As the Supreme Court spells out, U.S. law will sometimes impute knowledge—often called “constructive” knowledge—to a person who fails to learn something that a reasonably diligent person would have learned. The addition of “actual” in ERISA Section 1113(2) therefore “signals that the plaintiff’s knowledge must be more than hypothetical” when discussing such things as the relevant statute of limitations to apply, i.e., three years or the normal six years.

“Congress has repeatedly drawn the same linguistic distinction elsewhere in ERISA,” the Supreme Court states. “When Congress has included both actual and constructive knowledge in ERISA limitations provisions, Congress has done so explicitly. But Congress has never added to Section 1113(2) the language it has used in those other provisions to encompass both forms of knowledge. Petitioners’ arguments for a broader reading of 1113(2) based on text, context, purpose and statutory history all founder on Congress’s choice of the word ‘actual.’”

The Supreme Court says the Intel petitioners may well be correct that heeding the plain meaning of 1113(2) substantially diminishes the protection that it provides for ERISA fiduciaries. “But if policy considerations suggest that the current scheme should be altered, Congress must be the one to do it,” the court states.

The Supreme Court states that its opinion “does not foreclose any of the ‘usual ways’ to prove actual knowledge at any stage in the litigation.” In other words, plaintiffs who recall or do not recall reading particular disclosures will be bound by oath to say so in their depositions. The unanimous ruling further confirms that actual knowledge can be proved through “inference from circumstantial evidence.” Also notable, the opinion does not preclude defendants from contending that evidence of “willful blindness” supports a finding of “actual knowledge.”

Early Interpretations from ERISA Attorneys

Sharing some early comments with PLANSPONSOR, Eversheds Sutherland partner Adam Cohen says the Supreme Court’s decision puts a heavy onus on employers to make sure participants are actually aware of any disclosures.

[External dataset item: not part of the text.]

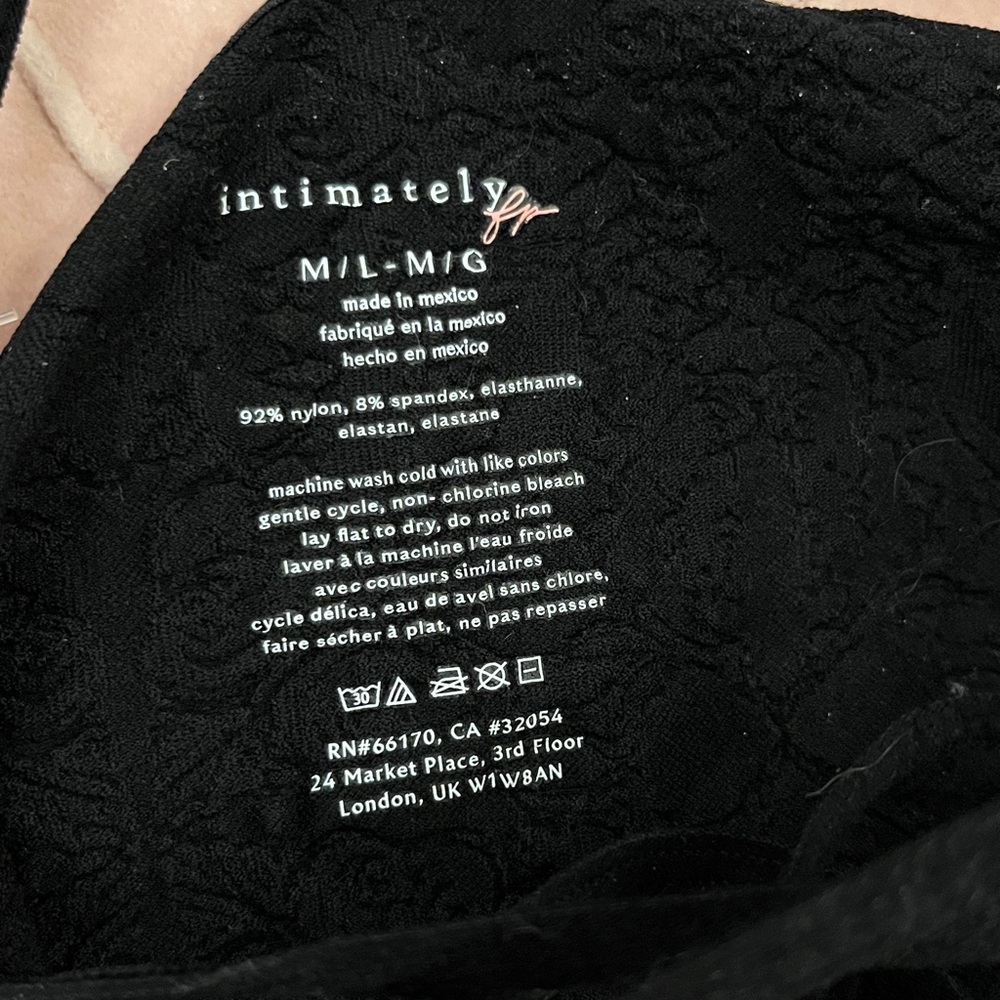 NWT Free People Intimately Love Your Way Longline Bralette in Black - Picture 10 of 10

“The Supreme Court’s unanimous decision means that if employers want the benefit of a shorter three-year statute of limitations for many ERISA allegations, they should consider steps to ensure that participants acknowledge or otherwise affirmatively demonstrate that they have read various disclosures,” he explains.

Stepping back, Cohen says, ERISA normally stipulates a six-year statute of limitations period that applies for fiduciary breach claims. Until today, employers could expect that with good, adequate disclosure, they could basically get that six-year limitations period down to three.

“To employers, of course, this ruling is frustrating, because they feel they are making adequate and effective disclosures, but they can’t necessarily prove their participants actually read or digested the disclosures,” Cohen says. “Something else to point out is that fiduciary breach claims often argue that a breach is an ongoing thing, so in that sense, the implications of the case may be muted.”

Josh Lichtenstein, Ropes & Gray tax and benefits partner, says the Intel vs. Sulyma decision has made it clear that the full six-year statute of limitations under ERISA will apply to claims by 401(k) participants against plan sponsors in more circumstances—and on a nationwide basis. 

“This decision will make it harder for plan sponsors to limit their liability for 401(k) investment menu design decisions, and it may add further momentum to the ongoing wave of fiduciary breach and fee litigation class actions that have already resulted in hundreds of millions of dollars in settlements from plan sponsors,” Lichtenstein says. “The decision will be especially impactful for plan sponsors located in circuits that have traditionally been more willing to limit the period for damages to three years, and who may find themselves more likely to be targeted by class action suits in the future.”

According to Lichtenstein and Cohen, the decision is also noteworthy because it will allow the lower courts to assess the underlying question of whether Intel acted prudently when it decided to include alternative investments, such as hedge funds and private equity funds, in its plans.

For her part, Karen Handorf, partner at Cohen Milstein and chair of the firm’s employee benefits and ERISA practice group, says the ruling is far from surprising. Notably, Handorf represents the plaintiffs in another ERISA lawsuit awaiting a ruling from the Supreme Court, Thole v. U.S. Bank.

“In my view, this new ruling affirms something that is obviously established by the statue, and so in that sense, its impact may not end up being as significant as some people are saying,” Handorf says. “As a plaintiffs’ attorney, I can tell you that I already apply the same understanding of the statute of limitations under ERISA that is affirmed in this new ruling. For us, it will not mean more cases to file.”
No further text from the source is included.